In a night scene following a group musical performance, the young girls traveling the city on foot, the narrator reflects that “Nowadays, we feel rage. We can never escape our beliefs.” Footage of the mountains on fire that elevates a Cristo Rey (Christ the King) monument that no doubt reminds many a spectator of Rio de Janeiro’s Christ the Redeemer statue, another place where anti-Black social destruction is prevalent, the film’s consciousness shifts to the retribution Mother Nature repays via voiceover: “The Pacific also shares our anger. And I see it coming.”

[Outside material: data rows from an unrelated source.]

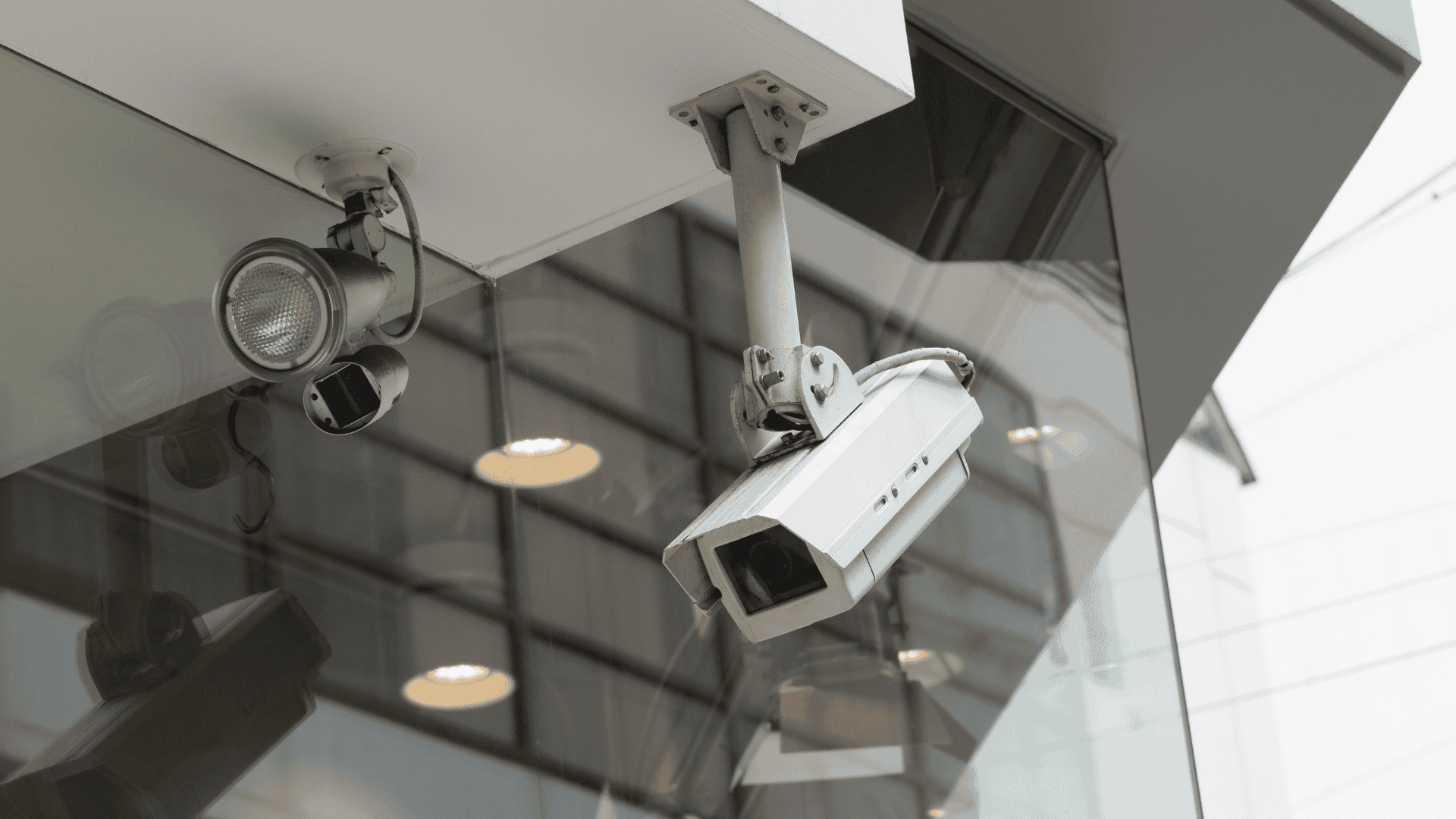Two different types of security cameras are mounted on the exterior of a modern building, visually representing a comparison in the topic Turret vs Dome security camera.
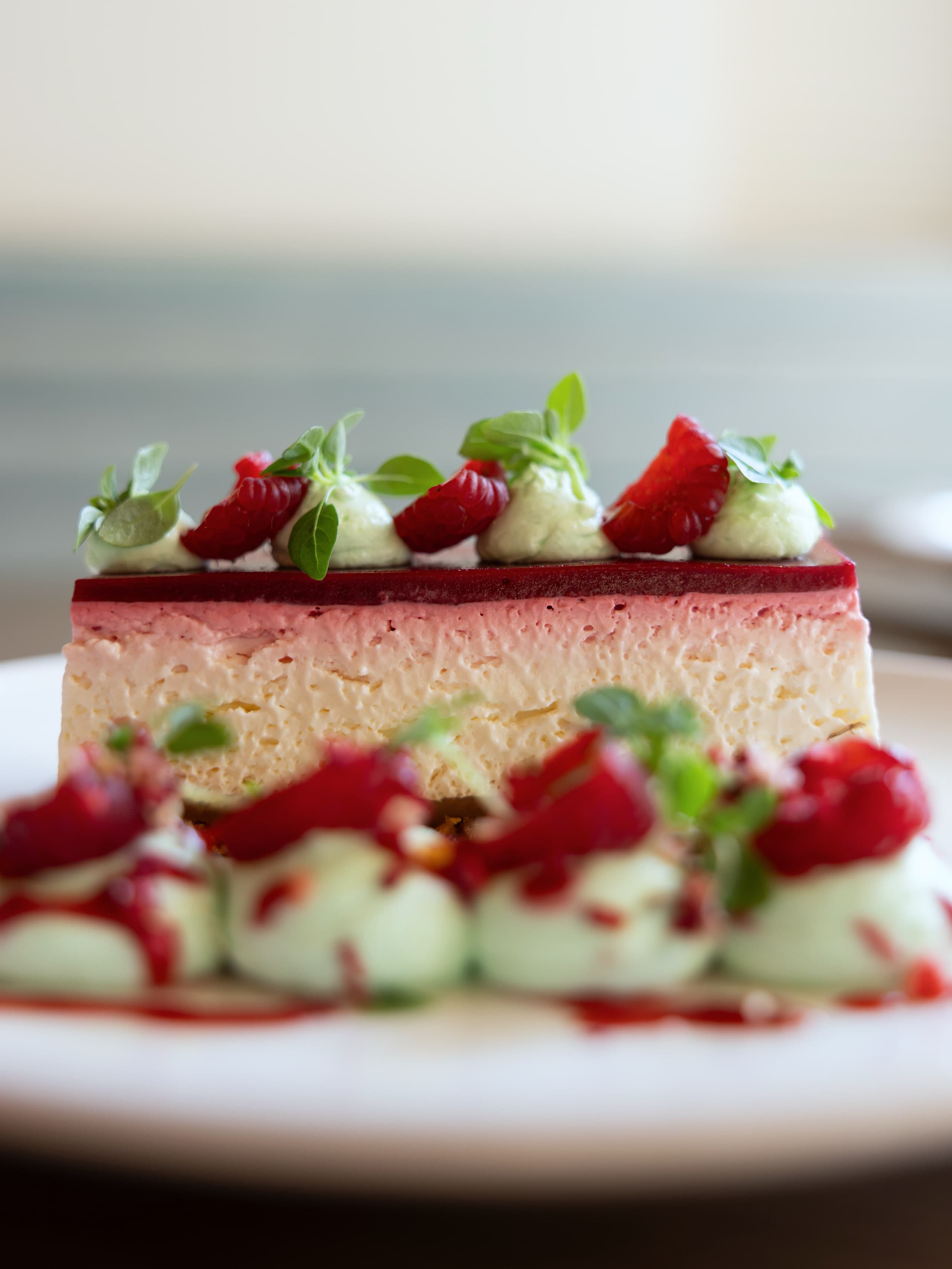 Entremets à la fraise coupé net, mousse claire, gelée rouge et quenelles de crème pistache sur le dessus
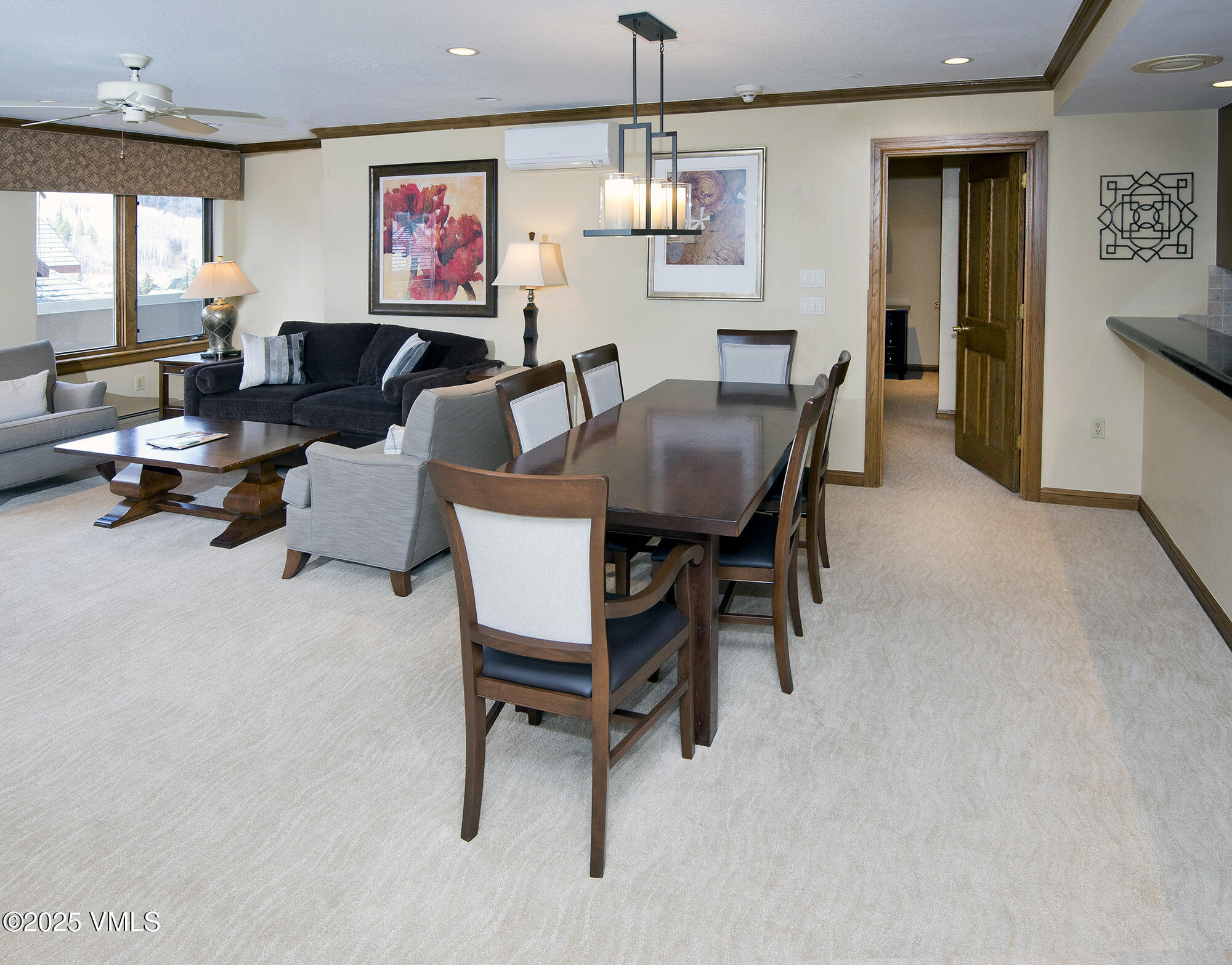 210 Offerson Road, Unit 321 Beaver Creek, CO 81620 - Photo 15 of 30 a living room with furniture and a chandelier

Pacífico Oscuro, in a similar vein as late Afro-Cuban filmmaker Sara Gómez’s De cierta manera [One Way or Another] (1974) fuses the documentary and narrative forms to vividly present the volatility of a collision course between the lives of Black citizens and those who create authority for themselves to exert their often treacherous will on the oppressed. I leave you with the words of Beltrán’s closing self-penned poem exhorts the natural/supernatural to act within us and for us in a world that consistently defies the call of collective harmony with fellow humans and environment alike: “Dark Pacific/ Eternal night that we carry within us/ return to us the mystery that was stamped out/ cover with your shadow the burning flames of greed/ and carry us far away from here.”